• [EXERCISE AIM]:
Copy the first line of the material below and every later line through the line containing "770 Claughton Island", without any other output.

#### DATA RECORDS

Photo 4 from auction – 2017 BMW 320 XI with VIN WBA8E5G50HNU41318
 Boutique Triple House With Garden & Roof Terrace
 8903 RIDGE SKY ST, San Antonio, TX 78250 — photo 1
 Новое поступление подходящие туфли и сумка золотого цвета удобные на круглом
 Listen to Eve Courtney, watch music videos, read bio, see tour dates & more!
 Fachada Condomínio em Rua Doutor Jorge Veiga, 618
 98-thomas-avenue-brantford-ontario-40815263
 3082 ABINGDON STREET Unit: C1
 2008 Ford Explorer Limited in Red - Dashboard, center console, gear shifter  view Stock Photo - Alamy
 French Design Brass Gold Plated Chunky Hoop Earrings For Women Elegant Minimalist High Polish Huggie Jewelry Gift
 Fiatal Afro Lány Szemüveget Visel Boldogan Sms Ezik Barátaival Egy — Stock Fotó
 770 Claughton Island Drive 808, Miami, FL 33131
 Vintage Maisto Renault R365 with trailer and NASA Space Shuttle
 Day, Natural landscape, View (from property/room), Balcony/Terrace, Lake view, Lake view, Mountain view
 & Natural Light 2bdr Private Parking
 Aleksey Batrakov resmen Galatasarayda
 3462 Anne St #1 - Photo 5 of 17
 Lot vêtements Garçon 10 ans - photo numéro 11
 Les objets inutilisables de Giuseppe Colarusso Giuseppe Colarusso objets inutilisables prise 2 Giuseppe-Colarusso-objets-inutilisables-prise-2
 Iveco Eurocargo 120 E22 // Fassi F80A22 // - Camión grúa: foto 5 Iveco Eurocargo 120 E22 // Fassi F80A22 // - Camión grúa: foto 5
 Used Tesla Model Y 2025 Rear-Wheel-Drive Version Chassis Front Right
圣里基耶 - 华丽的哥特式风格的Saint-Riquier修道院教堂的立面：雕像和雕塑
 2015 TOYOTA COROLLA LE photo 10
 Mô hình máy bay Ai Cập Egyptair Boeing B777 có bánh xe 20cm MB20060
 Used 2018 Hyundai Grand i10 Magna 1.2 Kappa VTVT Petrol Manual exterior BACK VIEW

########

• [WRITTEN ANSWER]:
Photo 4 from auction – 2017 BMW 320 XI with VIN WBA8E5G50HNU41318
 Boutique Triple House With Garden & Roof Terrace
 8903 RIDGE SKY ST, San Antonio, TX 78250 — photo 1
 Новое поступление подходящие туфли и сумка золотого цвета удобные на круглом
 Listen to Eve Courtney, watch music videos, read bio, see tour dates & more!
 Fachada Condomínio em Rua Doutor Jorge Veiga, 618
 98-thomas-avenue-brantford-ontario-40815263
 3082 ABINGDON STREET Unit: C1
 2008 Ford Explorer Limited in Red - Dashboard, center console, gear shifter  view Stock Photo - Alamy
 French Design Brass Gold Plated Chunky Hoop Earrings For Women Elegant Minimalist High Polish Huggie Jewelry Gift
 Fiatal Afro Lány Szemüveget Visel Boldogan Sms Ezik Barátaival Egy — Stock Fotó
 770 Claughton Island Drive 808, Miami, FL 33131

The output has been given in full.